In most cases — a missing fishing boat being the exception — there is little question about the immediate fate of the worker involved in an accident. There is no rescue effort that can capture the nation’s attention for a week or more.

But when a mine collapses, the reporters and television trucks speed to the scene. The nation takes notice. Most people can only imagine the horror of camping at the mouth of a mine, waiting for days on end about the fate of a husband, son, father or brother.

And as days become weeks and hope dwindles, the nation comes to realize no one is coming out of the mine alive.

And so it is now as underground rescue efforts are abandoned with six miners trapped in the Crandall Canyon Mine in Utah. The cost of the rescue effort has been too high — not in money, but in the lost lives of three rescuers.
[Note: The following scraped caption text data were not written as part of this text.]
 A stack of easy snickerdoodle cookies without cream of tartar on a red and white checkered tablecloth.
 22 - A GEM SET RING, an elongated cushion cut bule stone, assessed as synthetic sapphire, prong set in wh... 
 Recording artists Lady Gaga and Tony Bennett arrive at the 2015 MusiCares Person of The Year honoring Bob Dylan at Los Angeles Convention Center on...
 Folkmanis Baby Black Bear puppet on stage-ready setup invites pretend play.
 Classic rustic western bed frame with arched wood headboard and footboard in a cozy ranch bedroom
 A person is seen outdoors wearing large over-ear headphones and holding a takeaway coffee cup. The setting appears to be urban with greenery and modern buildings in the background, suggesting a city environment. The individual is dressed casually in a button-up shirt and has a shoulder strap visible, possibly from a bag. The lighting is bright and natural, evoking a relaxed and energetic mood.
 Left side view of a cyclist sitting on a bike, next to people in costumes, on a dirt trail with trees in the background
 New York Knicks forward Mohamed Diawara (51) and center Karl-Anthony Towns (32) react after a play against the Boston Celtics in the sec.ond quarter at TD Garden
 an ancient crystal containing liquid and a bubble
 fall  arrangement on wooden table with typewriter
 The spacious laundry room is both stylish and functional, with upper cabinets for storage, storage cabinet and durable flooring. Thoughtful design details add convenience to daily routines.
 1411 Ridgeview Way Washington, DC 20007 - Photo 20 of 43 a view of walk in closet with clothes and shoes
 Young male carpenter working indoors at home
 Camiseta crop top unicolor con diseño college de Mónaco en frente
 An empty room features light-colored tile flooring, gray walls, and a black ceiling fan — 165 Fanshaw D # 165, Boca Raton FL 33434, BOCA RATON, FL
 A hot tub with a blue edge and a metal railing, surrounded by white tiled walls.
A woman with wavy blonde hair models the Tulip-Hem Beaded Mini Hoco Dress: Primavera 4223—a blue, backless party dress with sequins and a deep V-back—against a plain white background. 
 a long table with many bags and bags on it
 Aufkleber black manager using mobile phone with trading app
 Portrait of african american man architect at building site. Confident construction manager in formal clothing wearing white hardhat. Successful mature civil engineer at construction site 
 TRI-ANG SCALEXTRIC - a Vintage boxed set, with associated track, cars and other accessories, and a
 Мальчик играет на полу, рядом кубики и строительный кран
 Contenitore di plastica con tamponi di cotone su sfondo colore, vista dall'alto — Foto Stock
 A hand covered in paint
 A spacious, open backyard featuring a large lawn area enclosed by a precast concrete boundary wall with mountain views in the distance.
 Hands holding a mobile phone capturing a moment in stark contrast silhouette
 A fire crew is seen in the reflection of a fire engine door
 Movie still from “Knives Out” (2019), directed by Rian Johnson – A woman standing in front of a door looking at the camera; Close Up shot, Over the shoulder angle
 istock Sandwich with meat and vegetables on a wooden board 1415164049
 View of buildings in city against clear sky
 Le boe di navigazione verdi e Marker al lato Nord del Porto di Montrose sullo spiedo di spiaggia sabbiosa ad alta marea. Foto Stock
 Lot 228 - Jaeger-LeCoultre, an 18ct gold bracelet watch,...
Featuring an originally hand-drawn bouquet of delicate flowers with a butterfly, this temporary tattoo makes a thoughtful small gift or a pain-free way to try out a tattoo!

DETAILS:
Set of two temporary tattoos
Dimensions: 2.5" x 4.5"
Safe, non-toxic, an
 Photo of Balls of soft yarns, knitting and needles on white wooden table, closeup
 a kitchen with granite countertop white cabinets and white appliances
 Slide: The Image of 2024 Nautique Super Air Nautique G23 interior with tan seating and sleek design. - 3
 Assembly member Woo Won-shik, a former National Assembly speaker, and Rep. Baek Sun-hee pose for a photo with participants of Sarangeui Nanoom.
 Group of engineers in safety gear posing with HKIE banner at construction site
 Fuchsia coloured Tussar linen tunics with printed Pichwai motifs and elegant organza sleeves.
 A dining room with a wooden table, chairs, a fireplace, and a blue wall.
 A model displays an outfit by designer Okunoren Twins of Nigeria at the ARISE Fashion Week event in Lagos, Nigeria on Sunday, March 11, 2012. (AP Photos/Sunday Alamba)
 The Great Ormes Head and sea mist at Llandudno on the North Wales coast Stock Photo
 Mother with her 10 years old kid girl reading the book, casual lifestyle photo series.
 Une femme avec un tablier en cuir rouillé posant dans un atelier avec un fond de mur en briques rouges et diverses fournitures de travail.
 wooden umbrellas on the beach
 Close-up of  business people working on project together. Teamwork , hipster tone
Nine rescuers were also injured.

The miners are presumed dead. Four test holes drilled into the mountain have not detected signs of life, and have shown there is little breathable air in the mine. Still, a fifth test hole is being drilled, but unless it were to show signs that the miners have survived, no one will be going back underground. The mountain, which contains a maze of shafts, is shifting and is too unstable for crews to re-enter with anything less than concrete evidence that there are lives yet to be saved.

First funeral held

The first of the funerals for the three dead rescuers was held Tuesday, but it is possible that the six miners will never get funerals. They will be memorialized at the mouth of a sealed mine shaft. As have other mines in the past, Crandall Canyon will become a tomb.

Bob Ferriter, a former federal mine safety engineer who teaches at the Colorado School of Mines, said the events in Utah are consistent with similar disasters. The initial optimism of a rescue effort is followed by a growing sense of reality about the miners’ fate, which is then followed by recriminations and finger-pointing.

What’s most important now is a serious examination of why Crandall Canyon collapsed and whether anything could have been done to prevent it.

Deep mining will probably always be one of the nation’s most dangerous occupations. But it is the responsibility of the Mine Safety and Health Administration to protect miners from unsafe conditions while they are alive and to thoroughly investigate the circumstances when they die.

This is not China, where an average of 13 miners die a day and where even now 181 miners are trapped in two mines in Shandong province that were flooded after days of heavy rains. There are no television cameras at those mines. Coverage has been limited to five paragraphs in the People’s Daily and family members have been warned not to talk about their ordeal.

Because our mine disasters are covered by the press, a whole nation cares. And because we have an open government, the results of subsequent investigations will be public.

Perhaps that’s why 49 mining deaths make for an average three days in China or a bad year in the United States.